I am probably going to get allot of flack for this post but I have been thinking this since I was about 30 mins into the movie.

First of all I almost never go to the movie theater, prior to going to see Black Panther I had not been to the movies in over 3 years.

However both my wife and I thought that this could be a really good movie that we could both enjoy.

Onto the point however, why I think that the movie was a huge disapointment and such a missed opportunity, I will keep it brief and to the point …

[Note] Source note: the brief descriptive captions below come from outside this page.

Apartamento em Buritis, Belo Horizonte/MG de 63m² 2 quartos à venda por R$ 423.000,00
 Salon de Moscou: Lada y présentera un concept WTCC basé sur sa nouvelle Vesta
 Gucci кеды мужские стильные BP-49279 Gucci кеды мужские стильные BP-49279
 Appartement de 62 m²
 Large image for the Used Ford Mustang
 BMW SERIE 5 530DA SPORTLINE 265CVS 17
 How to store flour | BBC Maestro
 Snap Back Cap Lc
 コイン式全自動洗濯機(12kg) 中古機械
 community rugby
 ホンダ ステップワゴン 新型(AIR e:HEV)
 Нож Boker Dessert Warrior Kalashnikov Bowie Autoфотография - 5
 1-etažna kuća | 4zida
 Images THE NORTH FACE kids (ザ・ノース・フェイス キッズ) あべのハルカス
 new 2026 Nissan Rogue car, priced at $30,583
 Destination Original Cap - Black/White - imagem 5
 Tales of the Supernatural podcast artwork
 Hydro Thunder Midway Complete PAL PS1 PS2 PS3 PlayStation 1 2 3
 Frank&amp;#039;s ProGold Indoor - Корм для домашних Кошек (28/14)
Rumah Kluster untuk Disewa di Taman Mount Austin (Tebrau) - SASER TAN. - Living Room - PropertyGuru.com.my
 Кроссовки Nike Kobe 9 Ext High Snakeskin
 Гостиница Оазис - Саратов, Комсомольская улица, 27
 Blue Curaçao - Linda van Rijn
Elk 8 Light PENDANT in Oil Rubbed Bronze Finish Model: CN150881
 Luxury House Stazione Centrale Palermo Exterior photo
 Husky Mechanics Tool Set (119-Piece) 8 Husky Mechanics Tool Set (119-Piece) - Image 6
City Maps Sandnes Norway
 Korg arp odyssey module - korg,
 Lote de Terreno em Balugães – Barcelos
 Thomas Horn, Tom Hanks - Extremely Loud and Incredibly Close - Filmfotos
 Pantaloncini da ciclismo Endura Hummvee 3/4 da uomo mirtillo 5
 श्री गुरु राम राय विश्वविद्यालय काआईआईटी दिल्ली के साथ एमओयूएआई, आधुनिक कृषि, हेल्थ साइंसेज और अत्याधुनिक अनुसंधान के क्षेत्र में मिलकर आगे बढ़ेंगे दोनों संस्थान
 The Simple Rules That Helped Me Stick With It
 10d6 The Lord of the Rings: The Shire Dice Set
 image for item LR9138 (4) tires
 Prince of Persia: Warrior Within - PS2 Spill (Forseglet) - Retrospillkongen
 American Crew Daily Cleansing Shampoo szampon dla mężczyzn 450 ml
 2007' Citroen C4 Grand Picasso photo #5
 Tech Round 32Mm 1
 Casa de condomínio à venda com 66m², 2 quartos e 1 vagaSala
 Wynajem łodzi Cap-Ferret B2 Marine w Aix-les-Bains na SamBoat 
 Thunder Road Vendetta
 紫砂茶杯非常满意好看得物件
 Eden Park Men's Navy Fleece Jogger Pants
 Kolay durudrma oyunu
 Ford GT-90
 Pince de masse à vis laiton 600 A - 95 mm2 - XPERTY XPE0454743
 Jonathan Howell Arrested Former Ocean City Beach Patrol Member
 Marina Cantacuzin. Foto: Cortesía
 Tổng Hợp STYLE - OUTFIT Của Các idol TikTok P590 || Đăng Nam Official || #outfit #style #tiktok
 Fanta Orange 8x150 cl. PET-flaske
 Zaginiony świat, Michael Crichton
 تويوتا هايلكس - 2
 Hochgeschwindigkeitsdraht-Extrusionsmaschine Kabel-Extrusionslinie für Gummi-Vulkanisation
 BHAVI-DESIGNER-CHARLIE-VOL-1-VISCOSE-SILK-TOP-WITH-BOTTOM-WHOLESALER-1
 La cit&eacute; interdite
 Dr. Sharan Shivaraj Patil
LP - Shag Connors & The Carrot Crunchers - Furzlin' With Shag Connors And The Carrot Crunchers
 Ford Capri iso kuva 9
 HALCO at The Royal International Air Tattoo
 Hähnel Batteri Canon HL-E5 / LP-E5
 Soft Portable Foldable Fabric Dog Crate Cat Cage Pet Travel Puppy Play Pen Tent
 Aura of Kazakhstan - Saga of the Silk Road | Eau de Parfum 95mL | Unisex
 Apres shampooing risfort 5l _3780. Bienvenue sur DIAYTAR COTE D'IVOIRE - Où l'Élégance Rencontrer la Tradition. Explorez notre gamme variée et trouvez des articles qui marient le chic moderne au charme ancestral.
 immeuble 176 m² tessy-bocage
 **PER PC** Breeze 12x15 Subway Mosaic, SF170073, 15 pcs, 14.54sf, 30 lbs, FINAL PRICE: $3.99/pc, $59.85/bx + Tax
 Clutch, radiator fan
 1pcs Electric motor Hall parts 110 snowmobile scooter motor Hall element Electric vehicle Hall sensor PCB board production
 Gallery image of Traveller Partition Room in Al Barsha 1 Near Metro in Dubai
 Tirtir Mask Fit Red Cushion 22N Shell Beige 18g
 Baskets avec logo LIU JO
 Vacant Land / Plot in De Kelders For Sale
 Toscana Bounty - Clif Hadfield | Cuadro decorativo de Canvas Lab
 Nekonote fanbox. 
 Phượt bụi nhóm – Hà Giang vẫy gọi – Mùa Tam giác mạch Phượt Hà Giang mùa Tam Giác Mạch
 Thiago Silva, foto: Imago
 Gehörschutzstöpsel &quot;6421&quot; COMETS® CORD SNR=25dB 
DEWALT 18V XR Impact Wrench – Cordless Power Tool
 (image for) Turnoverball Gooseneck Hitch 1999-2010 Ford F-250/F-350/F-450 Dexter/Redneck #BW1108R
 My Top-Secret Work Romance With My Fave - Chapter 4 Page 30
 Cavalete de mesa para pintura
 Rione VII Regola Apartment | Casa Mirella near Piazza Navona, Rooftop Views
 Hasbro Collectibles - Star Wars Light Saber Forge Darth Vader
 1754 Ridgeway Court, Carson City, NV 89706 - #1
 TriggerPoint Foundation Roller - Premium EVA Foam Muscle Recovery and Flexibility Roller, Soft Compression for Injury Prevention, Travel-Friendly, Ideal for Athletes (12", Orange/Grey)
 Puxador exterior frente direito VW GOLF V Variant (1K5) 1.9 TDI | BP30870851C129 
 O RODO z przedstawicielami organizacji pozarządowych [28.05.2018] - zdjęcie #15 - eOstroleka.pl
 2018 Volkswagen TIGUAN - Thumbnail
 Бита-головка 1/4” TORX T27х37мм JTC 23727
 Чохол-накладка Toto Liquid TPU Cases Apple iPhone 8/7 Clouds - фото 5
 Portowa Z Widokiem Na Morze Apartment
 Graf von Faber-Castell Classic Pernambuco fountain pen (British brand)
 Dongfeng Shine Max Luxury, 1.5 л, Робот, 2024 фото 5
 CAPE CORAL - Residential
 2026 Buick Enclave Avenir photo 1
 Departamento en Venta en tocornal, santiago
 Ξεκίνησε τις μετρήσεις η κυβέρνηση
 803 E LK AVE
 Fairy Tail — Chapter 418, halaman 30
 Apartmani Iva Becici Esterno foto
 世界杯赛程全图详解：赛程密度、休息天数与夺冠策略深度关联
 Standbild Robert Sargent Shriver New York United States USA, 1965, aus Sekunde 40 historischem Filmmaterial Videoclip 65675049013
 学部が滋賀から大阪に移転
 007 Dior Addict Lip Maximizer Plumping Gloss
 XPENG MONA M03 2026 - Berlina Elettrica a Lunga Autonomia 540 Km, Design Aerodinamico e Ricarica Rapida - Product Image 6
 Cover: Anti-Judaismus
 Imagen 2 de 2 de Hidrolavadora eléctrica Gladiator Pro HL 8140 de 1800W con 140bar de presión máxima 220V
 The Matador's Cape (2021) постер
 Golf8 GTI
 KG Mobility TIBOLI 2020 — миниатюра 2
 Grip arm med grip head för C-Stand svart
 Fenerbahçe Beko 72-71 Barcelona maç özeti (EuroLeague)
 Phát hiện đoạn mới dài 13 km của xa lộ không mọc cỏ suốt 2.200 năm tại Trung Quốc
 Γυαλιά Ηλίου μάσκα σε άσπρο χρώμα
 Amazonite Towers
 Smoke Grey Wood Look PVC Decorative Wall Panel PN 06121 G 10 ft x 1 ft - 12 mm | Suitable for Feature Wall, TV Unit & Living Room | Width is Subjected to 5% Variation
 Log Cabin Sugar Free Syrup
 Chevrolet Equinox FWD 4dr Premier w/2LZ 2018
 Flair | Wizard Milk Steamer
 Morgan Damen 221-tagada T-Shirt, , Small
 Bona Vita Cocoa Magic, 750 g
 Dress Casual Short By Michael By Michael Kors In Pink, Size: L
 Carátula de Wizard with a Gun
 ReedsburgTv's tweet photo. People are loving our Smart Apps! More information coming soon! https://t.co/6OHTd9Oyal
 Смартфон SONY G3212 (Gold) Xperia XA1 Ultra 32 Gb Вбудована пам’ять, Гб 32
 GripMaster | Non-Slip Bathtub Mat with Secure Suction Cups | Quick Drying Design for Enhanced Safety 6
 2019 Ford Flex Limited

  1. The premise that a nation of Africans would exist in Africa and choose not to get involved or intervene in anyway as they see there fellow African brothers and sisters being used and abused by much of the rest of the world. Fine this is not something that is highlighted in the movie, i.e we do not see the Wakanda during the period of colonization and slavery but it is something that for sure came to my mind when thinking about the backstory. I must also say that this is something that I could have looked past and “ignored”, creative license and all that, if it was not for the rest of the issues with the movie.
  2. The fact that the story the movie tries to sell is that the concept of “helping the rest of the world”, came from a Wakandan who had been living in the states, who was then killed by his own brother the king, (hope I am getting that right). Then years later its the son of the slain brother who returns to Wakanda, (as the villain), and single handedly manages to overthrow the current king and is intent on using the Wakanda technology to make the Wakanda an active dominant world power. Ofcourse the villain never wins and the rightful king gets power again. Such a missed opportunity, why not make the cousins, (i.e the rightful king and the “villain”), end up uniting and together have Wakanda take its rightful place in the world and leverage its technology in a positive way to help the world?
  3. So we have morally questionable Wakanda’s who have allowed their brothers and sisters in neighbouring countries suffer without intervening, I say “morally questionable” because in my opinion standing by and allowing your fellow humans to be abused and suffer when you have the means to help is “morally questionable”. And the villain who manages to take control, but then as all good stories go looses to the rightful king in the end. These events however were seemingly enough to wake up the Wakandan people to the need to help their brothers and sisters in the world who are suffering. So where do they go to help?…. inner city USA!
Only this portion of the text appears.